Vice chair Peter Okun didn’t agree with Reid’s claim that the expansion fit into the neighborhood. “I think building this thing up is just crowding people in, and that’s basically what the whole scale bylaw is all about,” Okun said. “The neighborhood doesn’t deserve to be crowded.”
The neighbors agreed.
Harbor Hill resident Carolyn Westmark argued that Reid hadn’t said what elevation the drone took its photos from. “I can tell you for a fact that it will be 50 feet above sea level to the peak of that roof,” she said. “And unless they’re going to make a transparent hotel, or I’m 10 feet tall, I will not be seeing over that.”
Anthony Yeager, who lives at 30 Bradford St. Extension, pleaded with the board to deny the application. “Are six more guest rooms worth the destruction of residents’ safeguards and the apparent disregard of the economic value we bring to the town?” he asked.
In an Oct. 2 email to the Independent, Verge said he thought neighborhood opposition had waned. He wrote that far fewer letters opposing the project had been sent for the September hearing compared to what had come in last spring. He said that was the result of reaching out to the neighborhood.

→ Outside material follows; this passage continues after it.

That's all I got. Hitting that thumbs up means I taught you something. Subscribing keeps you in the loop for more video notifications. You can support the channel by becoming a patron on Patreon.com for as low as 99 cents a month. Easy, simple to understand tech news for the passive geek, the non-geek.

Verge added that a handful refused to discuss the proposal with him and Spinello. He claimed one particularly outspoken property owner had harassed guests of the inn and even used an air horn to create a nuisance. During the Sept. 21 hearing, Reid said a neighbor had stolen building materials from her client’s property, and that relations between that neighbor and the applicants “have been quite sour.”

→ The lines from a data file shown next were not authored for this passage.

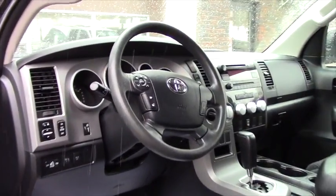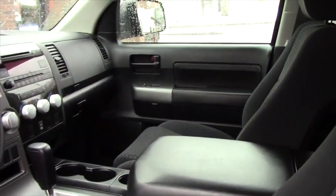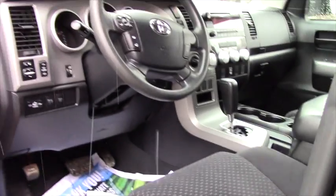It's got the nice black cloth interior. It's got the same AM/FM/CD player with the 4x4 controller just there to the right of the steering wheel. It's got power mirrors, power locks, power windows, and all your hands-free controls on your steering wheel.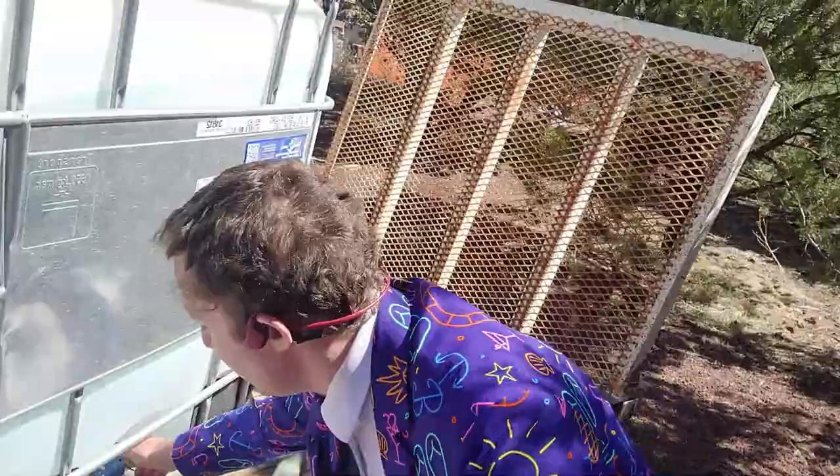Now I'm gonna open the tote's drain, located on the bottom side of this tote, and just like that, the water flows down from the tote on the trailer down into my cistern. I have two totes, so I'll do this twice, but that's it. My family now has water.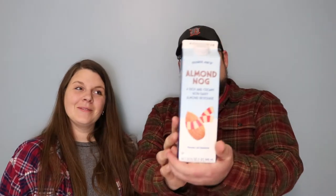What is up, people? It's been forever, but we are doing another sip and review. We are. So today we're doing the Trader Joe's Almond Nog.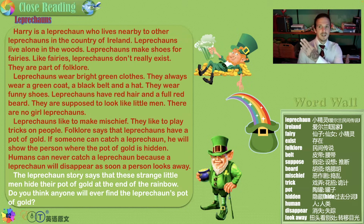Like someone comes behind you and taps your right shoulder but moves to your left, so you turn and see no one. Or someone takes your shoes and puts them in the freezer or ties the shoelaces together. Folklore says that leprechauns have a pot of gold, and if someone can catch a leprechaun, he will show the person where the pot of gold is hidden. Humans can never catch a leprechaun because a leprechaun will disappear as soon as a person looks away.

Last spring, the neighbors had similar complaints about the inn owners, who they said had aimed spotlights and hung chimes and a cowbell to express frustration with their objections.
At the April hearing, attorney Reid said that Spinello had apologized to the neighbors and said, in trying to engage them, that he “went about it in a bad way.”
“Since our initial application, we have met with our neighbors to collaborate and listen to their concerns, and we have made changes to our plans in order to address as many of their concerns as possible,” he said.
Latasa-Nicks and Daniel Wagner voted to grant the special permit; Callahan, Okun, and Nee were opposed.